Since Megan first started conducting media relations in 2004, nearly all of the news releases (see a few samples here) she has written have been picked up by local, regional and state newspapers, eliciting hundreds of articles throughout the years. She has also fed editorial boards information that led to the publication of editorials, which can influence public policy. Megan also submits articles to magazines, sets up social networking pages, and directs short promotional videos for her clients.
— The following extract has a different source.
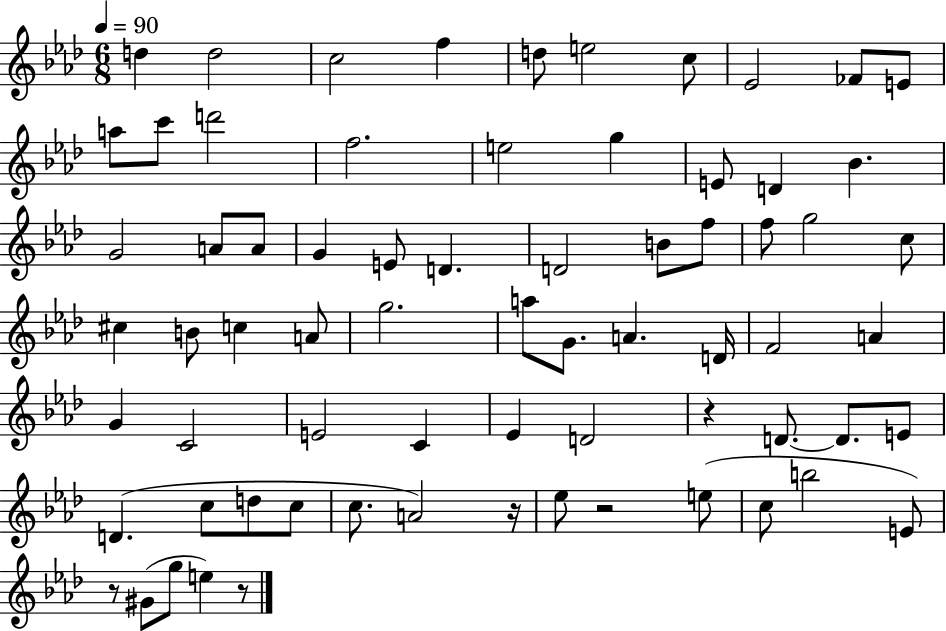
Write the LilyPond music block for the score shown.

What are the keys to this success rate? Here are just a few:
1) Understanding the reporter. Megan draws on her training at the Elkin Tribune, The Cary News, Greensboro's News & Record, and North American Congress on Latin America's Report on the Americas. She also has a B.A. in English, Writing & Editing from North Carolina State University, where she was the Arts & Entertainment Editor of the college newspaper. Megan knows what it's like to sift through a pile of press releases. To catch a reporter's attention, a release must stand out by identifying what's newsworthy about the business or organization, putting it in context with the headlines of the day and making it relevant to the readers. If that news is buried under a bunch of superlatives or grandiose quotes about the excellence of the organization, then the reporter will likely bypass the story. Megan also has a high standard for accuracy. While other public relations representatives stretch the truth, her clients' stories are compelling on their own—she just finds the right language to articulate their strengths authentically. Megan goes out of her way to make reporters' lives easy, delivering text written in proper AP style, which they often cut and paste into articles. They don't have to edit out a lot of verbose PR language. When media staff have the luxury of time to write original pieces, she works with them to create accurate articles from their own angle.
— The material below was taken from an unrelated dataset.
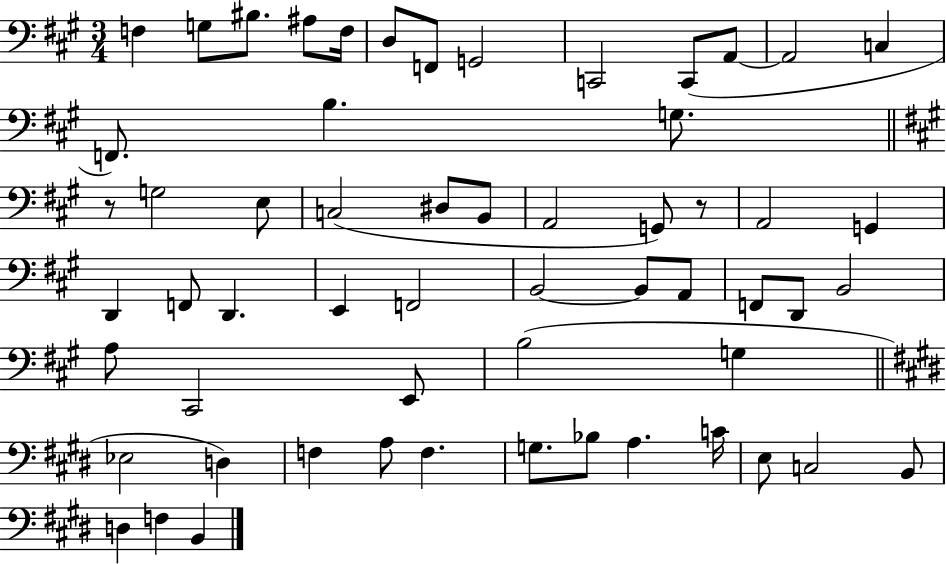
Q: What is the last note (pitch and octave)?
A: B2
2) Understanding the reader. Readers are drawn to stories involving local points of interest, familiar faces and uplifting anecdotes. They want to see signs of encouraging change in their communities. This "good news" is a welcome break to the prevalent fear-inducing reports delivered mostly for shock value without accurately represent readers' everyday experiences. Megan is particularly familiar with the viewpoints, passions and concerns of those in the western North Carolina mountains, as her work has taken her to the nooks and crannies of the region since 2000.
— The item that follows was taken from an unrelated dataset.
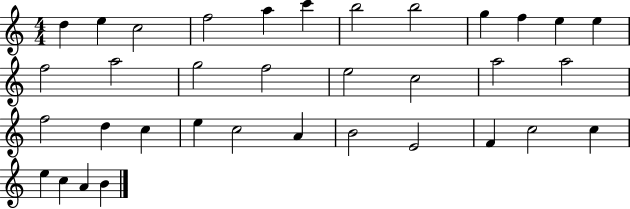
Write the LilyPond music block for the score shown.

3) Understanding the background of the client. Specializations such as sustainable agriculture and land conservation can be complicated, and jargon is prevalent. Megan's job is to pull out the critical pieces, translating the organizations' work so that the public not only digests it, but also digs it. She draws from her internal encyclopedia of sustainable agriculture, which she's been developing since entering the field in 2001. She also has interest and a lot of knowledge in holistic healthcare, alternative education and the arts, especially dance and other forms of movement.